We are often asked, what is the difference between a Conservatory and an Orangery? The purpose of a glazed extension is to bring the outside into your home, instantly transforming the space that you live in by creating a bright and airy interior and establishing a coherent connection between your house and your garden. But what is the difference between a conservatory and an orangery, and how is an orangery different from a garden room? How do you know which one is right for your home? Essentially they can all be classed as ‘garden room extensions’, but they are ultimately defined by the proportions of glazing, timber, and masonry materials used in the architectural design.

Let’s explore the different extension types in more detail…

What is a conservatory?

Conservatories were a hugely popular type of glazed extension during the 1980s. Commonly associated with uPVC construction materials and rattan furniture, they will typically have fully glazed walls and a glazed roof set on a brick foundation. Homeowners loved the idea of easily adding additional space to their properties, which could be used as a bright and spacious formal lounge or dining room that offered close-up views of their gardens.

Where a conservatory is predominantly made from glazing, it allows for the extended space to be filled with as much natural light as possible. Unfortunately, traditional conservatories earned a reputation for feeling hot and stuffy in the summer and cold in the winter. The uPVC also had a tendency to date and turn yellow; not exactly a desirable look. As people started to realise that their expensive conservatories were an investment that could only be used for half the year when the weather was mild, they began to fall out of style.

This is a shame, as a quality conservatory traditionally crafted with timber can be a beautiful addition to any home. There are certainly ways to overcome the common temperature problems, such as roof vents which help to improve circulation, underfloor heating and solar control glazing to limit the amount of warmth coming in from the sun.


What is an orangery?

An orangery is a building or room with a glass roof and many glazed windows and door. They are typically made of brick or stone. The roof is often flat, with a central lantern or skylight to allow in natural light which made them ideal for growing citrus trees or other plants that are sensitive to cold weather.

Orangeries were first built in the 17th century in Europe, they were a symbol of wealth and prestige among the elite; Reaching the height of popularity in the 18th and 19th centuries. Orangeries are often located in the garden or on the grounds of a large house. The aristocracy adored these beautiful rooms and felt that they gave their mansions a sense of splendour and opulence, with their elegant architectural lines and timeless style.
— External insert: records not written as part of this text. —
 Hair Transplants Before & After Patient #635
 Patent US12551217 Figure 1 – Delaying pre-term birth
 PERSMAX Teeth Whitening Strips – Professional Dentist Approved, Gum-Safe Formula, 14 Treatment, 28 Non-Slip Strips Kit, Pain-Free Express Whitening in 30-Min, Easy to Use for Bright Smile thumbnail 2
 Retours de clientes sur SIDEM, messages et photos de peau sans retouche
The conservatory’s decline in popularity in recent years has led to a huge rise in homeowners opting for contemporary orangeries instead. Combining balanced design with flawless functionality, a garden room or orangery extension is still the height of luxury and carries an air of sumptuous elegance.
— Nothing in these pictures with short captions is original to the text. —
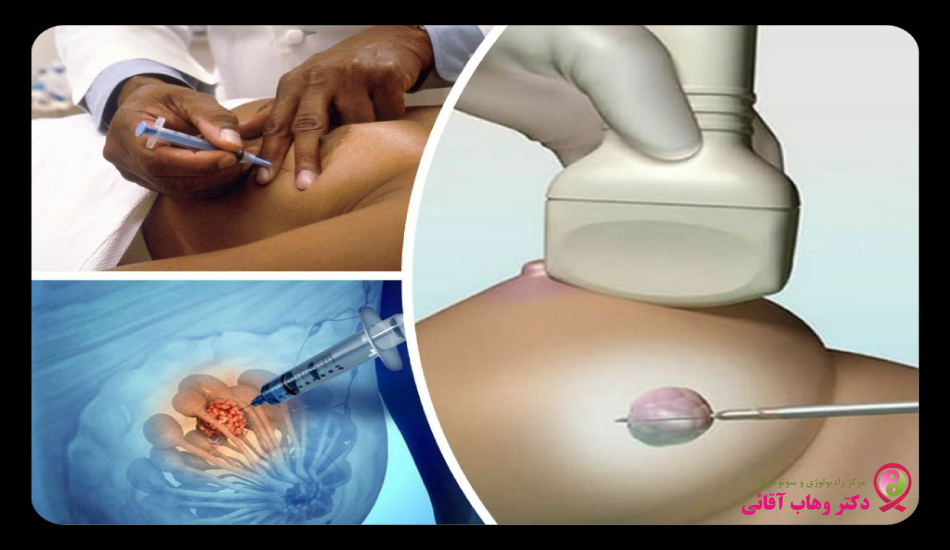 تشخیص فیبروکیستیک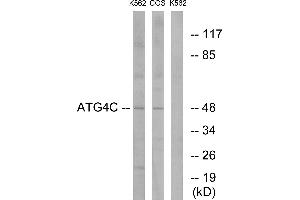 Immunohistochemistry analysis of paraffin-embedded human liver carcinoma tissue using ATG4C antibody. (ATG4C antibody  (Internal Region))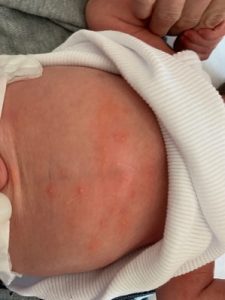 Newborn Rash Erythema Toxicum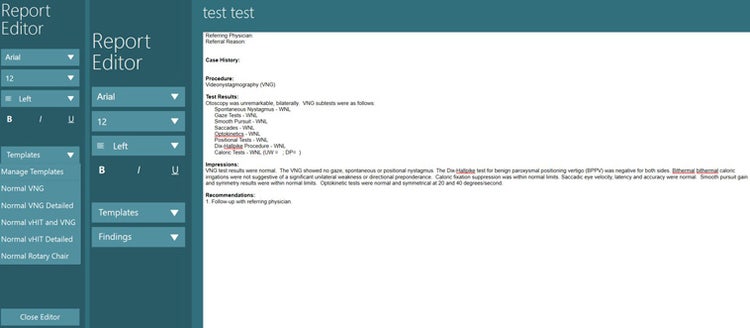 Upon clicking on the templates drop-down menu, this example shows the following available templates: normal VNG, normal VNG detailed, normal vHIT and VNG, normal vHIT detailed, and normal rotary chair. The normal VNG template is also shown, including the following details: referring physician, referral reason, case history, procedure, test results, impressions, and recommendations. Test results are listed for otoscopy and all the VNG sub-tests, including: spontaneous nystagmus, gaze tests, smooth pursuit, saccades, optokinetics, positional tests, Dix-Hallpike procedure, and caloric tests.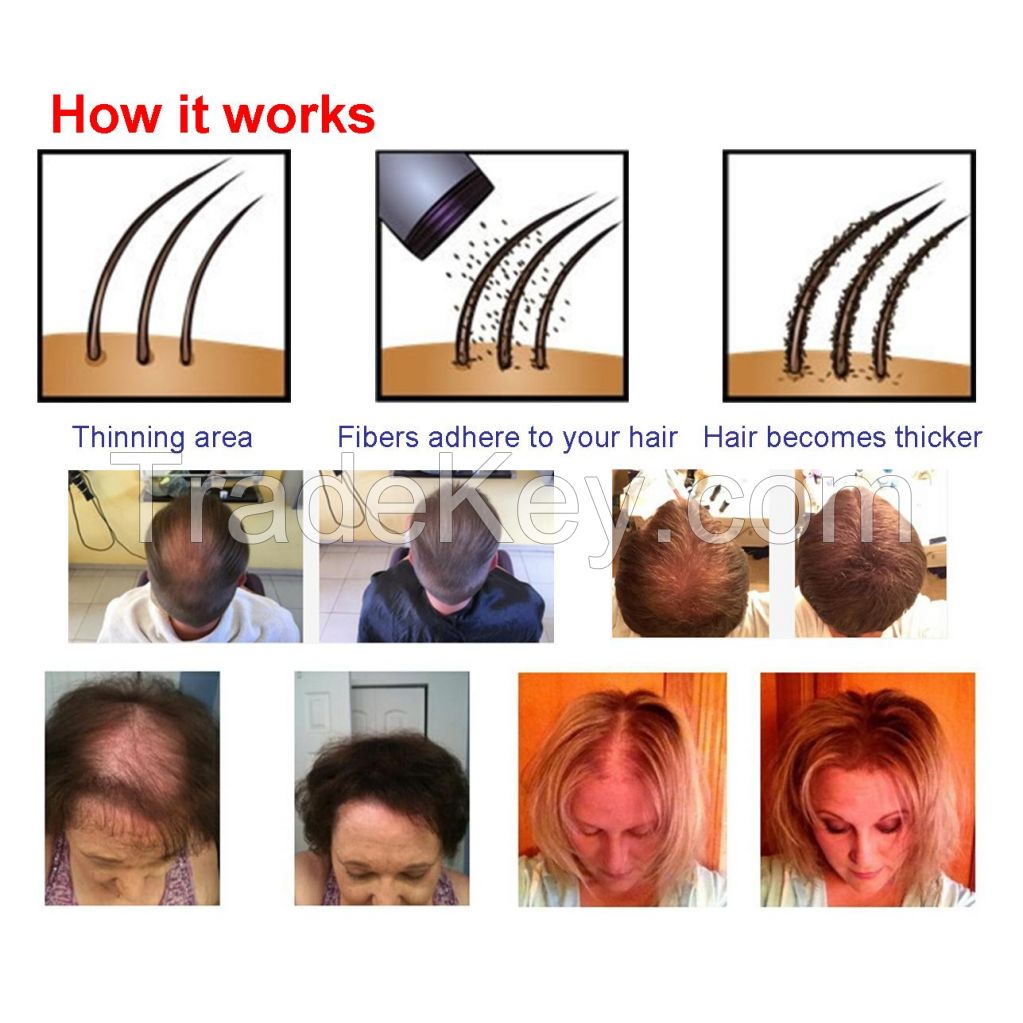 Hair Building Fiber Hair Loss Treatments for Hair Regrowth 27.5g/ 25g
What is the difference between an orangery and a conservatory?

The main difference between an orangery and a conservatory is the roof and percentage of glazing. An orangery typically has a solid roof – that helps to insulate the space – with a glazed parapet, while a conservatory has a fully glazed roof. In addition, an orangery will often feature a dwarf wall or columns that provide insulation, where as a conservatory has less insulation and more glazing. Which means that orangeries are also typically warmer than conservatories in the winter and cooler in the summer.

Orangeries and conservatories are both popular choices for people who want to add an extension to their home that is filled with natural light. They can also be used as a place to relax, entertain guests, or grow plants. 


What is a garden room?

A garden room is similar to an orangery with semi-glazed walls, but with a roof made entirely from tiles instead of a roof lantern. A garden room is more likely to look like a part of the building it’s adjoined to rather than an additional add-on, with matching tiles, brickwork and other details.
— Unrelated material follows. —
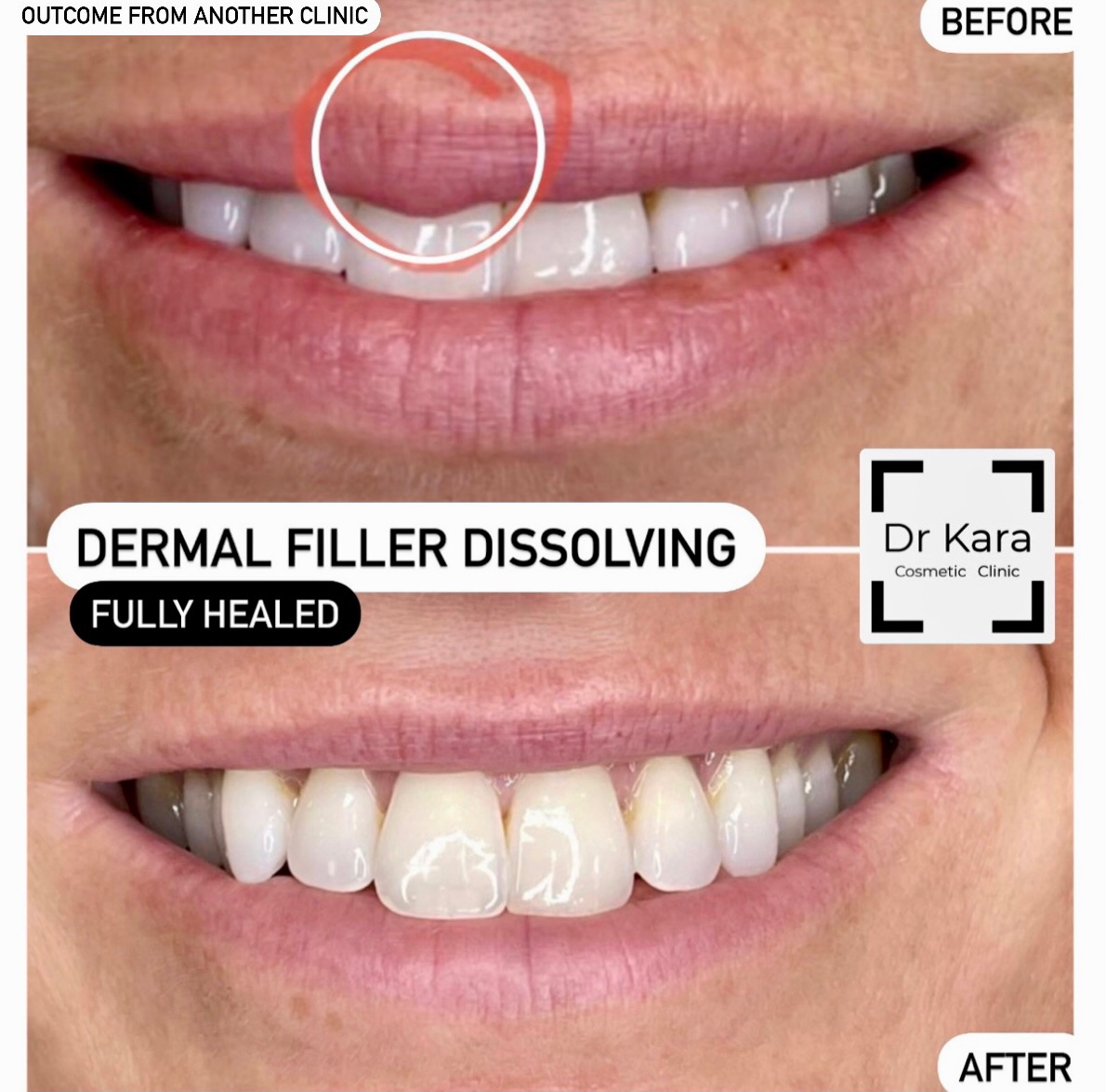 Lip filler dissolving by Dr Kara cosmetic clinic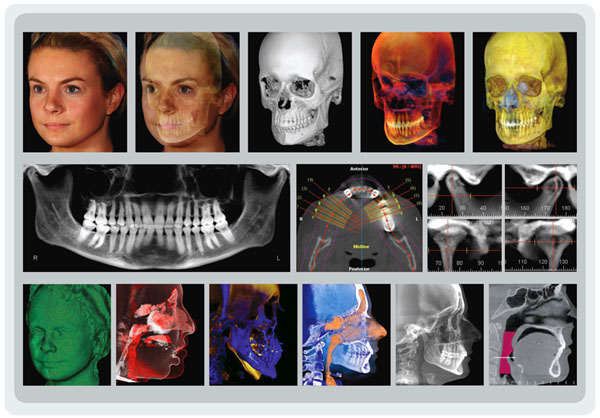 cbct orthognathic surgery plan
Garden rooms will typically have a high roofline and a dramatic glazed gable which looks spectacular and fills the space with plenty of natural light.


No matter what style you choose, ultimately a luxurious garden room should be an investment that will add to your property’s value and change the way you use the space within your home, so quality is vital to keep it looking good for years to come. The key to building a long-lasting extension is to choose a superior, premium product that has been expertly designed and built with a luxury finish.